Excerpted records below:

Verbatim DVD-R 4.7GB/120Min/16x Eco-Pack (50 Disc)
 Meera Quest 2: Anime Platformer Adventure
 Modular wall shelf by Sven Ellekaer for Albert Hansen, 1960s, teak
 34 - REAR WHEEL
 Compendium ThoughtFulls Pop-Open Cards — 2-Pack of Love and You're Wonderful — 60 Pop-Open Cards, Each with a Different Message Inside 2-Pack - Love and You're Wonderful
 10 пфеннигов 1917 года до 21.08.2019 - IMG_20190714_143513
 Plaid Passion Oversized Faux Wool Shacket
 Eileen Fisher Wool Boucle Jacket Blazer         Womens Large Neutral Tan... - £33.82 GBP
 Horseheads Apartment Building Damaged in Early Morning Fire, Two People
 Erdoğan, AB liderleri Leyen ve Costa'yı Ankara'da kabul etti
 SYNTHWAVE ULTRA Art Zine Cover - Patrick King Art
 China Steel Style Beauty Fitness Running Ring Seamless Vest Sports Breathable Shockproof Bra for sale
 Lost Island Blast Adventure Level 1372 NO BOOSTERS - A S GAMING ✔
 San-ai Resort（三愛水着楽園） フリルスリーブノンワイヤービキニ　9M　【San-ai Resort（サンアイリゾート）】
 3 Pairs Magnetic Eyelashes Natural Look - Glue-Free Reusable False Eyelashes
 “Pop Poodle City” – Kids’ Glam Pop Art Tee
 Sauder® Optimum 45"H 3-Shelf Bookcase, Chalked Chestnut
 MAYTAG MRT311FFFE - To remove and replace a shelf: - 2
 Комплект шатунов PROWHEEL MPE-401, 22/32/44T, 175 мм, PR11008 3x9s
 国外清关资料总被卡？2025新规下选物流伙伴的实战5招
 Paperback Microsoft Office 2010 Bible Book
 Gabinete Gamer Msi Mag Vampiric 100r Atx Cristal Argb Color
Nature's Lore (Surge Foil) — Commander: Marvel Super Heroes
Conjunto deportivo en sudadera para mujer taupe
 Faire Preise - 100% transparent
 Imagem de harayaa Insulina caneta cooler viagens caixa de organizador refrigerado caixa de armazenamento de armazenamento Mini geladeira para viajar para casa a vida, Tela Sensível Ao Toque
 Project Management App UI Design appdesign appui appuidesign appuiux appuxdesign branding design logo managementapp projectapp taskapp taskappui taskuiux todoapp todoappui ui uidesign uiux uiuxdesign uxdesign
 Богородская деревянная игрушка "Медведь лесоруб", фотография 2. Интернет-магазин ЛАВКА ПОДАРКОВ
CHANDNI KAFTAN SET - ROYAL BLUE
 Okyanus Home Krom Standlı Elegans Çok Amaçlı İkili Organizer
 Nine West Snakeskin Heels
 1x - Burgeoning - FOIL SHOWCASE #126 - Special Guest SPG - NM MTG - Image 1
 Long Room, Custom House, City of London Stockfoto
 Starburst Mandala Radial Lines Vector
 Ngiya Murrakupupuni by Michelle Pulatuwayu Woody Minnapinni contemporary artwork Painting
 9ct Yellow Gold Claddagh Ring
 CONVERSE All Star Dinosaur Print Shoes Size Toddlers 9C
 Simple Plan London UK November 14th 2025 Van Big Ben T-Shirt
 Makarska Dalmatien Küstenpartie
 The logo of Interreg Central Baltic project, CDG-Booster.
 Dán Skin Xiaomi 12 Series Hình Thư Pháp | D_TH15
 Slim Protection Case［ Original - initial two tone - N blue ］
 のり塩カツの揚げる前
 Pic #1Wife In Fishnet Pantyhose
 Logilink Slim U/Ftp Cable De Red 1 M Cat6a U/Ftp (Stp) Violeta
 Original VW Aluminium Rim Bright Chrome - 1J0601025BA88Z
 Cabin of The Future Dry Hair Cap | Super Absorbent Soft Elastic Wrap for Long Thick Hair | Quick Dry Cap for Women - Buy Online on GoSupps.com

End of Excerpted records.

Work to complete
Start at the first line of the material. Reproduce every line exactly, ending with the line that holds "Plaid Passion Oversized Faux Wool Shacket".

Exercise result
Verbatim DVD-R 4.7GB/120Min/16x Eco-Pack (50 Disc)
 Meera Quest 2: Anime Platformer Adventure
 Modular wall shelf by Sven Ellekaer for Albert Hansen, 1960s, teak
 34 - REAR WHEEL
 Compendium ThoughtFulls Pop-Open Cards — 2-Pack of Love and You're Wonderful — 60 Pop-Open Cards, Each with a Different Message Inside 2-Pack - Love and You're Wonderful
 10 пфеннигов 1917 года до 21.08.2019 - IMG_20190714_143513
 Plaid Passion Oversized Faux Wool Shacket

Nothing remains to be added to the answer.